A Representative Standardized Sample Set Selection For Improving Student’s Performance Prediction

Research Article
Sasi Regha, R and Uma Rani, R
DOI: 
http://dx.doi.org/10.24327/ijrsr.2018.0902.1693
Subject: 
science
KeyWords: 
NMFC, modified Computer Aided Design of Experiments, Divergence, Modified Principal Component Analysis
Abstract: 

A hybrid Artificial Fish Swarm-Cuckoo Search (AFSCS) and Non-negative Matrix Factorization Clustering (NMFC) was proposed for selecting optimal relevant features and removing redundant features in student academic dataset. However outliers and redundant data samples in the dataset are affecting the efficiency and effectiveness of classifiers. In this paper, initially, the most class specific representative samples are selected using Computer Aided Design of Experiments (CADEX) algorithm. The CADEX algorithm selects the sample that is closest to the mean and the next sample selection will be the one most distant from the already selected sample by using Euclidean distance.

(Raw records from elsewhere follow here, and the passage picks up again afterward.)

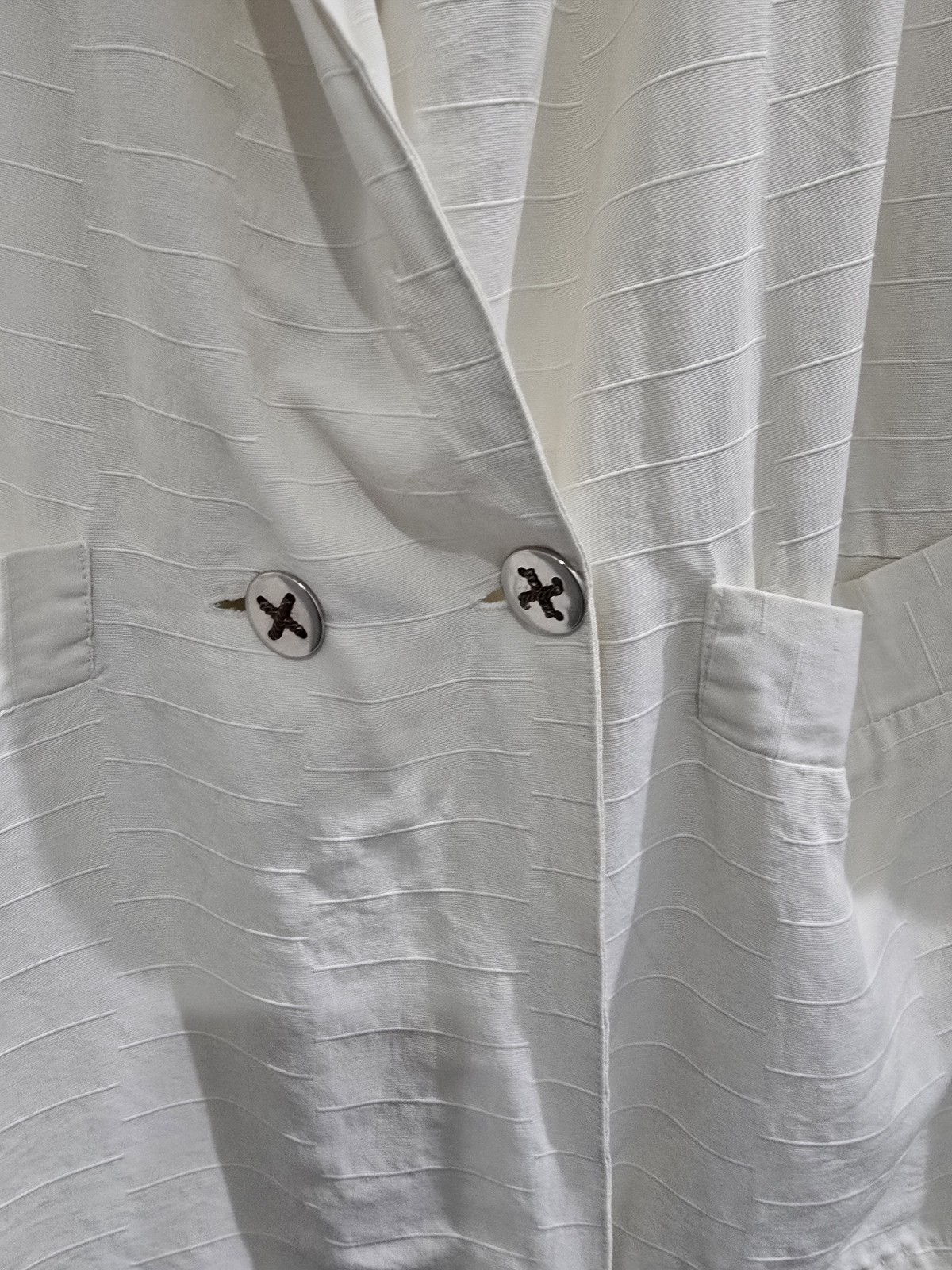 Jackpot Womens Vintage 70s Blazer Relaxed Fit Chic Structured Cream Color EUC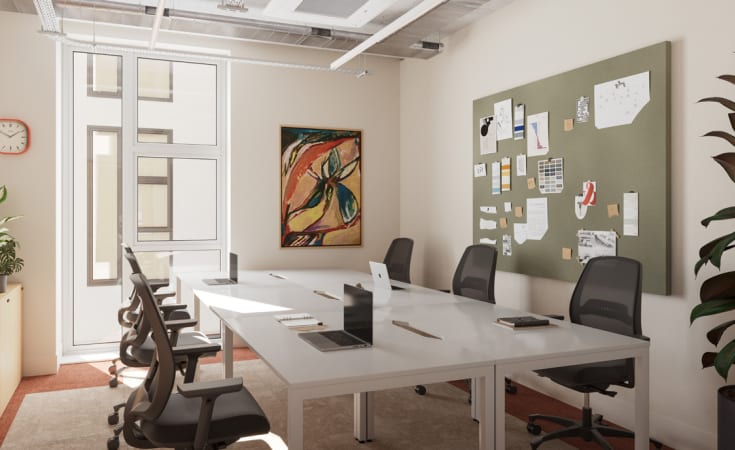 Image 1 of 14 Person Private Office | 424 Sq. Ft.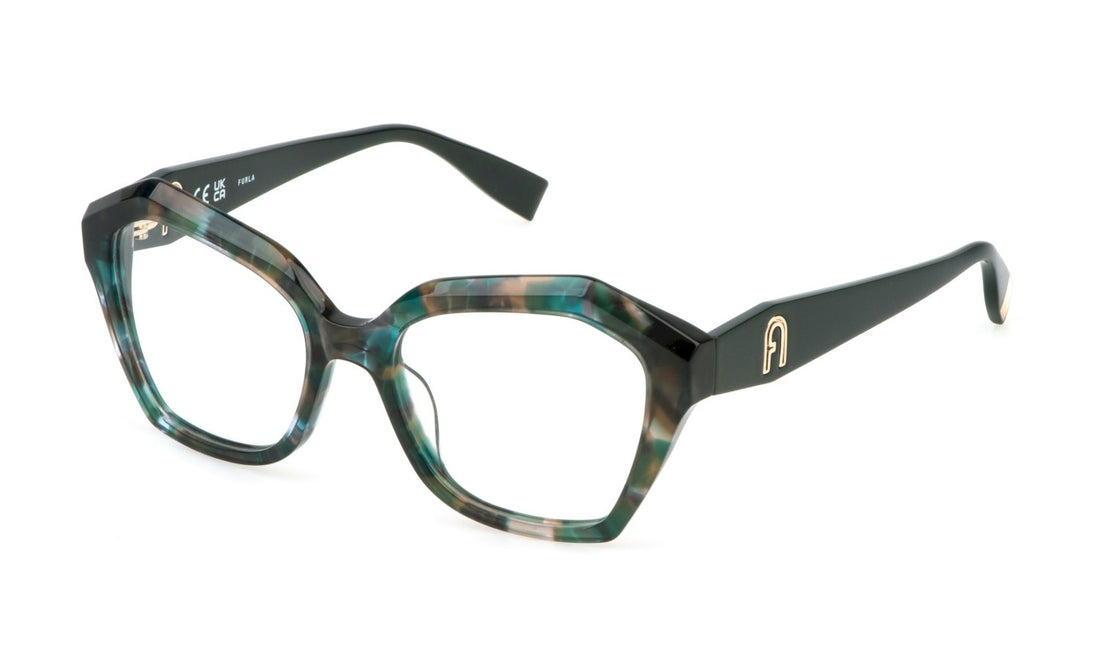 Translation missing: es.seo.product.type.gafas-graduadas furla vfu822 06e3 havana geometric femenino talla 53mm - Translation missing: es.seo.product.alt.imagen-principal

Principal Component Analysis (PCA) is used in the CADEX for selecting optimal components. Euclidean distance in CADEX only select right samples when all the attributes have the similar units. So, the Modified CADEX (MCADEX) is next proposed by using KullbackLeibler divergence. In this approach, for each class mean value is calculated then divergence between mean and data samples are found with multiple reference data samples. The highly divergence data samples are selected for each class. In the MCADEX algorithm, MPCA is used instead of PCA because some attributes in dataset might be in orders of magnitude of others, this may lead to create highest variance while eigen values calculation. In MPCA, the eigenvectors of the covariance matrix is derived from various similarity measurements like Mutual information, angle information and hybrid Gaussian and polynomial kernel. The sample selected datasets are used for predicting student performance using Prism and J48 classifiers. The experimental results show that the proposed sample selection approaches are improving accuracy of classifiers.